Professor Pal has high hopes for future research around milk proteins. "I'd like to explore whether the different proteins in milk may be used to help prevent or treat conditions including autism, diabetes and heart disease. There's already some animal evidence around this. It's just a matter of doing a human trial. This could be huge news."

Dr Ditte Hobbs, a nutritionist and research fellow in the Hugh Sinclair Unit of Human Nutrition at the University of Reading, describes the Curtin study as "interesting, timely and much needed".

But it's only a preliminary step, she adds. "Participants consumed the milks for quite a short duration. Also, the study lacks any kind of microbiology, which is needed to find out exactly what is going in our colons. Thirdly, it's the only human study in the area and it's therefore important not to take this data as concrete evidence."

Meanwhile, the British Dietetic Association (BDA) warns that dairy intolerance is widely misunderstood. "More people than ever perceive that they are intolerant to milk, whereas in fact a very small percentage have a genuine intolerance," says Sioned Quirke, a dietician and BDA spokesperson. "I think the misperception is a lot to do with celebrities endorsing avoiding certain food groups and the growing market for self-test kits, despite them having no scientific basis. Other factors are the growing 'free from' ranges in supermarkets and the assumption that alternative, more expensive milks must be better for you. None of this is helped by the fact that there is no clear and simple test for milk intolerance."

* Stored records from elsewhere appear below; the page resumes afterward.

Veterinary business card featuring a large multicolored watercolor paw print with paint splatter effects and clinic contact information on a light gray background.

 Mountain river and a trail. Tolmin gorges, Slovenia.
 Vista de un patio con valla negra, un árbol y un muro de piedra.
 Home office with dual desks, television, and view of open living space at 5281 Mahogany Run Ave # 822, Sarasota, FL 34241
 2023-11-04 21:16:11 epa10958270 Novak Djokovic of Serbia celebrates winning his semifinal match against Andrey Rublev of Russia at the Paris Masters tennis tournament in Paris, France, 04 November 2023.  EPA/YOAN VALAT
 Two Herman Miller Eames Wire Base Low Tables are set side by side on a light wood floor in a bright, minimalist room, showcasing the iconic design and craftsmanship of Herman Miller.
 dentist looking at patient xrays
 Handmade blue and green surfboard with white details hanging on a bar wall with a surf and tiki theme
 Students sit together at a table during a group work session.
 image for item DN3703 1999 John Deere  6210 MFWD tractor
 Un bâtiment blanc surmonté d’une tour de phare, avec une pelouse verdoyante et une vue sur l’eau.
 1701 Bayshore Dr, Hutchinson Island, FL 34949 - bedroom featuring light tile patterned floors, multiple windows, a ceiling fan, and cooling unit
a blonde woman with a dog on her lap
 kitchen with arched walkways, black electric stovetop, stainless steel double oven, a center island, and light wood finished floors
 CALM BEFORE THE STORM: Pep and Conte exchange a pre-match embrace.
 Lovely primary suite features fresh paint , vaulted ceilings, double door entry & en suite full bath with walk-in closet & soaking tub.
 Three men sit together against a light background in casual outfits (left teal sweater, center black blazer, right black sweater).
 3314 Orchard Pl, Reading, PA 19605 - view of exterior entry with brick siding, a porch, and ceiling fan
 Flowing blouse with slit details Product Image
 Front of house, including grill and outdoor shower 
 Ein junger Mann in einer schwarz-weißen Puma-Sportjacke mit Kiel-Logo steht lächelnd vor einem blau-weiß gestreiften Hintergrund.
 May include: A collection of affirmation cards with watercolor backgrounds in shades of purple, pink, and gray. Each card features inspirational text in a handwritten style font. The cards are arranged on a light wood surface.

A lot of people tell their dieticians that milk gives them constipation when further exploration reveals that they hardly eat fibre, she says. "Or they tell us that milk makes them bloated when actually we find that they have IBS. Our bowels are a complex organ and it's not always one single thing that affects them. Even the amount of physical activity one does or their fluid intake can affect how the bowels work. So whilst this study is fascinating, I wouldn't want to raise people's hopes by suggesting it is the answer to all their problems."